### Required action
Type out each record word for word. Pictures stay out.

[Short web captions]
-=-=-

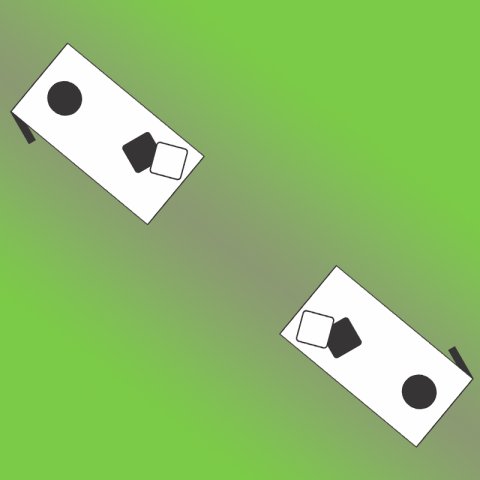 Two cornhole boards across from each other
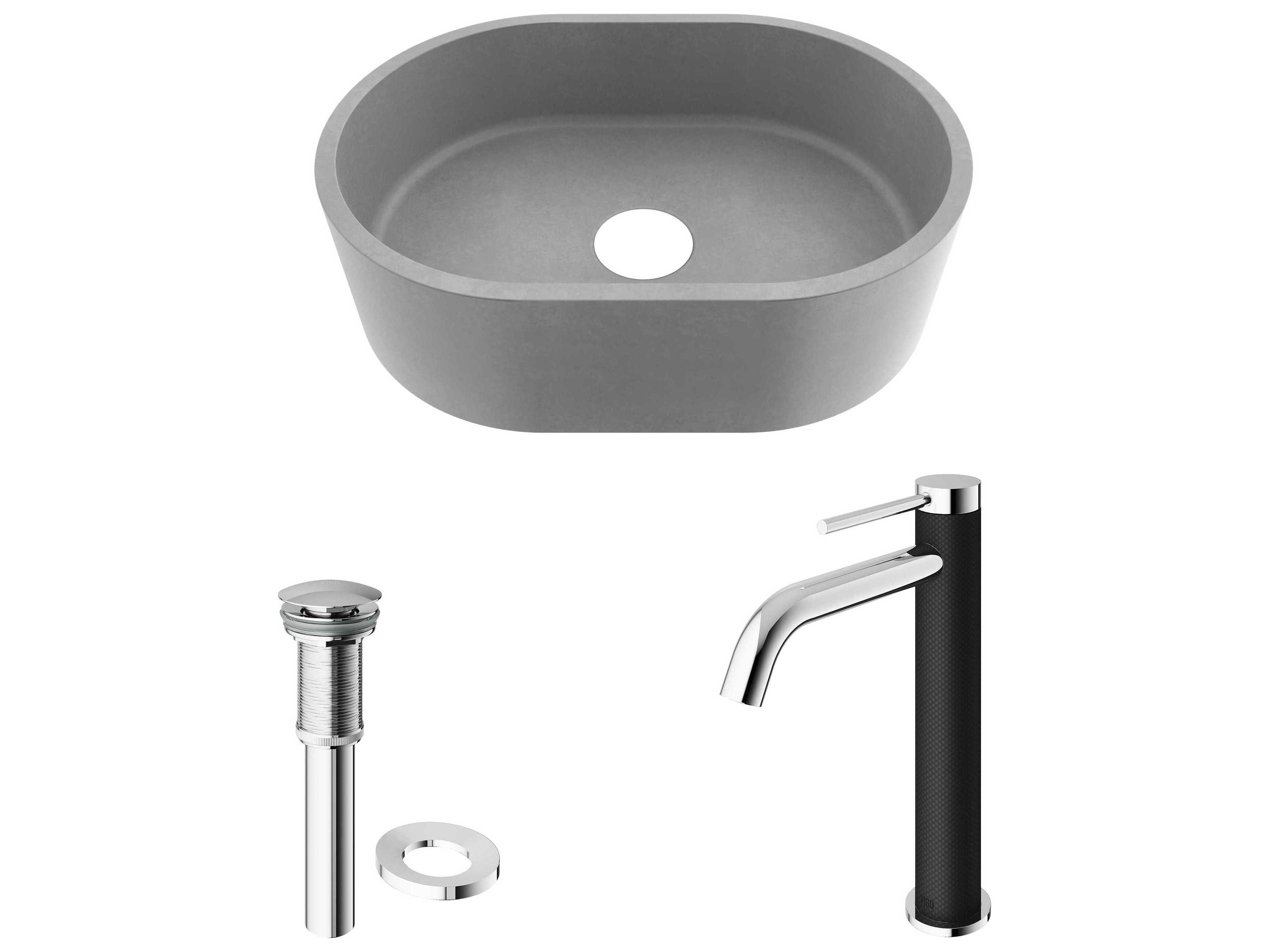 Vigo Concreto Stone Oval Vessel Bathroom Sink with Lexington Faucet and Pop-Up Drain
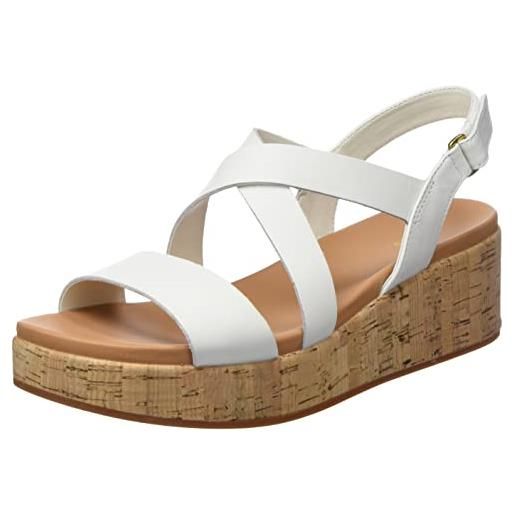 Clarks kimmei cork, sandali con zeppa, donna, bianco (white), 39 eu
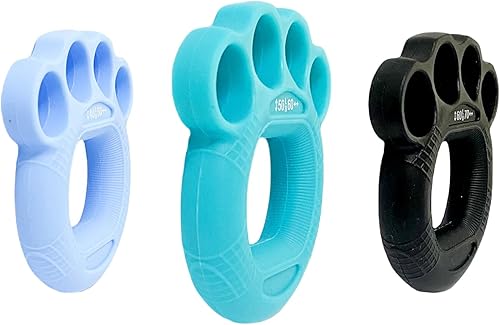 Miniatura 7 de Entrenador de fuerza de agarre con cuatro anillos, dispositivos de fortalecimiento de manos de 3 piezas para entrenamiento de rehabilitación, alivio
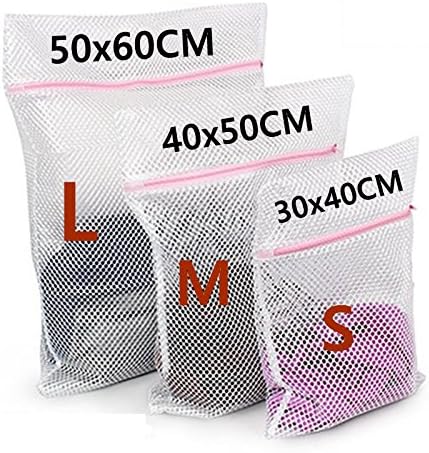 WestHOME Mesh Laundry Bags for Washing Machines with Pink Zips, Net Washing Bag for Delicates, Underwear, Socks, Bras - Set of 3 (Small * 1, Medium * 1, Large * 1)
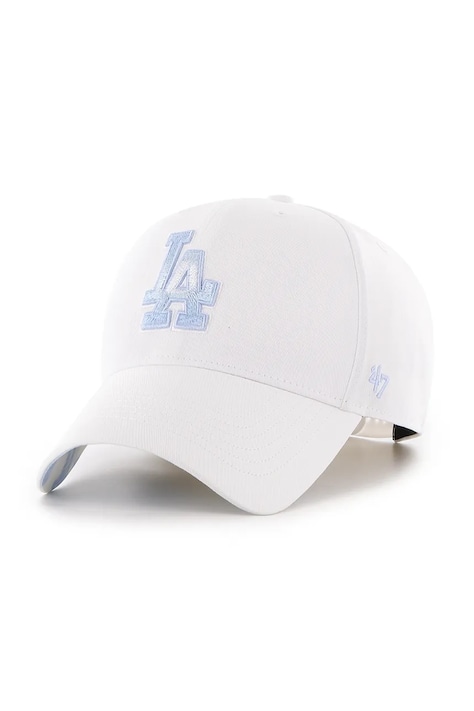 47 brand czapka z daszkiem bawełniana MLB LA Dodgers kolor biały z aplikacją B-ITCMP12CTP-WH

-=-=-

### Answer box
 Two cornhole boards across from each other
 Vigo Concreto Stone Oval Vessel Bathroom Sink with Lexington Faucet and Pop-Up Drain
 Clarks kimmei cork, sandali con zeppa, donna, bianco (white), 39 eu
 Miniatura 7 de Entrenador de fuerza de agarre con cuatro anillos, dispositivos de fortalecimiento de manos de 3 piezas para entrenamiento de rehabilitación, alivio
 WestHOME Mesh Laundry Bags for Washing Machines with Pink Zips, Net Washing Bag for Delicates, Underwear, Socks, Bras - Set of 3 (Small * 1, Medium * 1, Large * 1)
 47 brand czapka z daszkiem bawełniana MLB LA Dodgers kolor biały z aplikacją B-ITCMP12CTP-WH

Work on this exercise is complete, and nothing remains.